I'm looking for a java driven solution to a requirement for analysing sentences to log whether a key word was used positively or negatively.

Ie The key word might be 'cabbages' and the sentence:-

'I like cabbages but not peas'

And I'd like a java text analyser of some kind to log this as positive. Can the lucene (Hibernate-Search) libraries be utilized to for this?

Any thoughts?

回答1:

You're looking for "sentiment analysis". One possibility is LingPipe, who kindly link to their competitors also. Jeff Dalton also has a great list of natural language processing tools in his blog.



回答2:

I doubt there's anything like that. Lucene definitely can't do it out of the box.

How do you even define "whether a key word was used positively or negatively" in a way that can be evaluated programmatically? To do it properly, you'd have to analyse the text for their actual meaning, which is an AI problem that is not even remotely solved.

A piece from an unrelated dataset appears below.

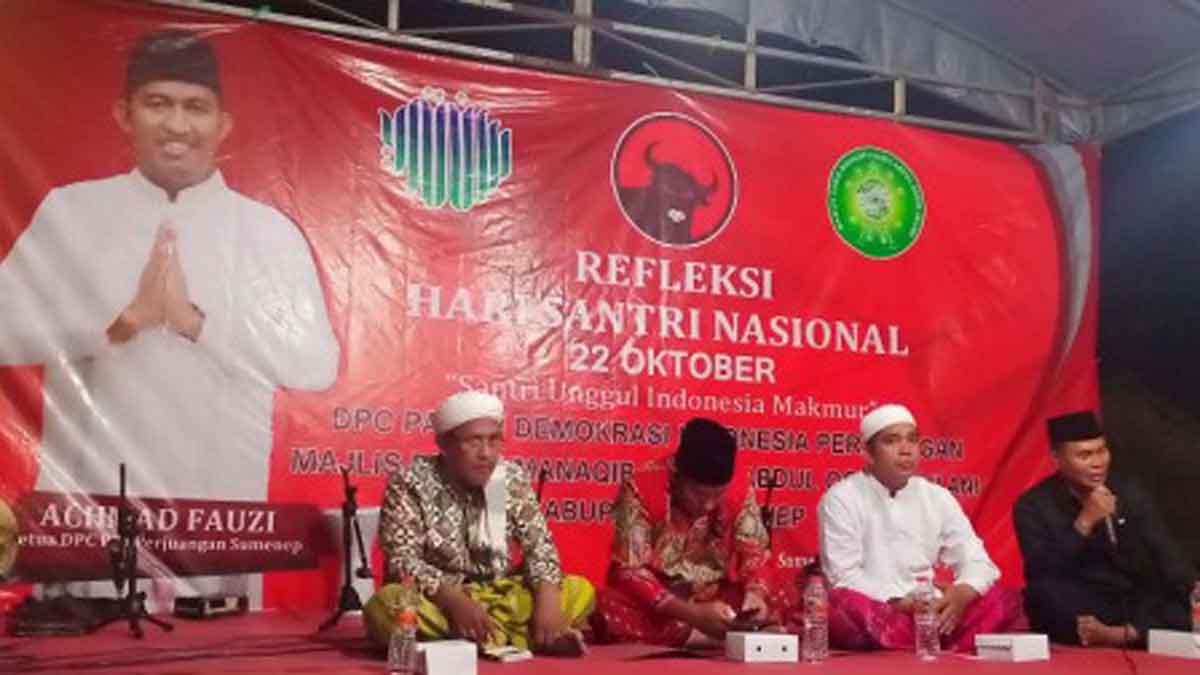 Refleksi Hari Santri Nasional Warnai Pelantikan Jokowi-Ma'ruf Amin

I suppose you could solve it approximately by just doing a statistical analysis of whether the keyword appears more often close to positive (like, good, great, wonderful) or negative (bad, hate, crappy, damn) keywords, but even there, negations, sarcasm and complex sentence structures will be problematic.



回答3:

Take a look at Mahout Taste, which builds on Lucene but adds a lot of what you need out of the box. (edit) I should add, Mahout Taste is merely related to what you're looking for and not a 100% match.